When companies face any type of restructure, staff reductions are taken seriously. Not only do all decisions take regulations and laws into account, but there are also decisions concerning the impacted staff that range from severance options to outplacement services. And, in today’s world of instant communication and forums such as Glassdoor and Twitter, companies must attend to public relations concerns and potential legal action if things are not executed correctly.   HR departments work tirelessly to ensure they follow the basic compliance steps. Often, their attention to the process is diverted when they are called upon to also address the emotional toll that comes with attending to the disproportionate impact for all stakeholders, including those not impacted.

It is not surprising that companies undergoing significant change today require a new approach. Gone are the days when it is simply enough to minimize litigation risk and attend to the standard check-lists. Today’s HR professionals are also seen as strategic partners, and are expected to place significant effort on leading organizations through this change. To do this effectively requires a quick pivot to address the dynamics in play for the remaining employees so the business does not lose its cultural glue and enter a downward performance spiral.

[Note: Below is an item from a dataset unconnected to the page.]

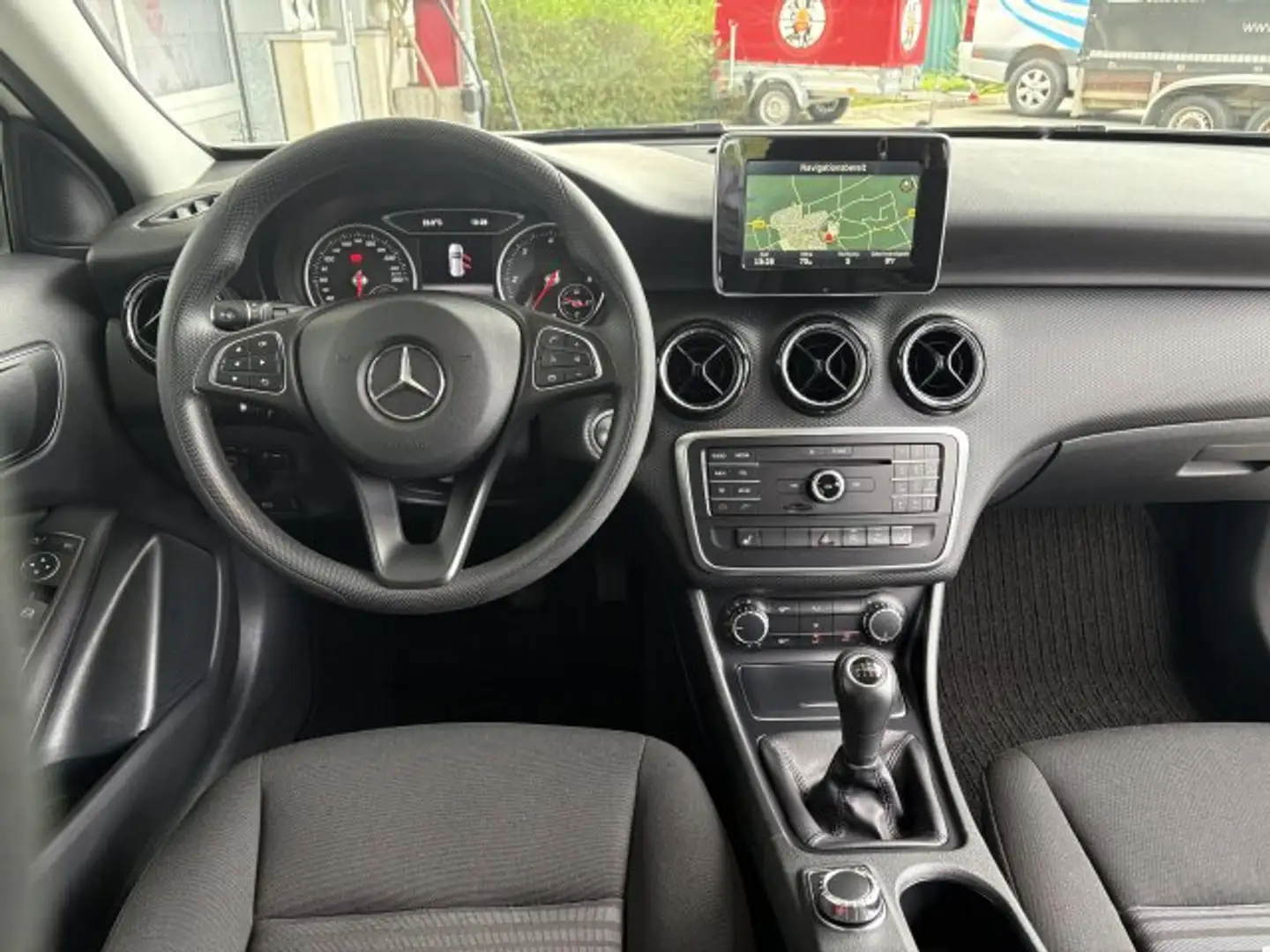Mercedes-Benz A 200 A 200 d Navi Klimaautomatik PTS Sitzheizung 18" Weiß - 2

Successful organizations know that it takes people to get things done. They also know that formal and informal relationships allow this to happen. Team effectiveness has been studied for decades and most employees can recall Bruce Tuckman’s Forming-Storming-Norming-Performing model created back in 1965. In our effort to grow high performing teams and zero in on what needs to happen for employees to achieve goals and objectives, we neglect to pay as much attention to rebuilding employees and teams after a period of transition. This period of transition may be most noticeable after a staff reduction, but it happens any time people are asked to let go of their old ways of doing things and adapt to something new.

Tremendous amounts of research has been done on what happens to people during times of transition and change. Most notably is the work of William Bridges (1991) who explored how people respond to changes in their roles, relationships, structures and even physical space in his book, “Managing Transitions.” His work highlights three stages of transition that begins with the Endings, moves into the Transition Zone and finally enters New Beginnings. While it is important for HR and company executives to recognize the emotional stages people go through during times of transition, it is even more important to take a pro-active stance to not only support them but also to empower them to be part of co-creating a new identity that accelerates their adoption of new ways of operating. This is helpful for the employee, their manager, the company leadership, and even contributes to the bottom line.

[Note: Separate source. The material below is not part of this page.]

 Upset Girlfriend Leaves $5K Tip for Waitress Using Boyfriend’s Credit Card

At CCI Consulting, we find that taking a dynamic approach to addressing the needs of employees immediately after a transition or major change facilitates building a new sense of purpose and a willingness to plan for success. Our work with clients as they manage the staff transition process is enhanced when we also assist employees and managers through the complex challenges they face by addressing employees’ feelings of confusion and anxiety, resistance to change and loss of engagement.

For companies addressing staff reductions, we offer the S.E.T.™ Program. Our S.E.T.™ Program is designed for leaders, managers, and employees handling staff reductions or organizational reorganizations as a result of system wide change initiatives, including integration strategies. S.E.T. stands for Strengthen | Engage | Transform, and through the Program employees are empowered to create ownership and accountability for successfully managing change and navigating through the transition.

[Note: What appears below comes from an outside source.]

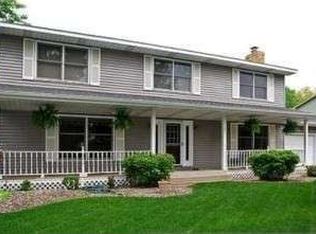 3189 Canterbury Cir, Woodbury, MN 55125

There are two workshops that strengthen those who remain after a staff reduction with a focus on how to best engage their teams to successfully navigate the process of change, and transform employees to be more receptive to and embracing of the change they are experiencing, as well as be more productive and positive in their outlook of their role in the future of the organization. Each workshop addresses the unique experience of the employee; those experiencing the change and those experiencing change while simultaneously leading others through it.

Companies that recognize how important it is to address the needs of employees who remain after a significant staff transition understand that rebuilding a strong community is both art and science. People constantly adapt to incremental change but the emotional response and disruption of relationships can inhibit their progress. For business, we know that anything that erodes relationships erodes performance. Addressing this head-on will empower employees to form new relationships, new teams, and new accountability structures needed for the organization to get S.E.T.™ to move forward.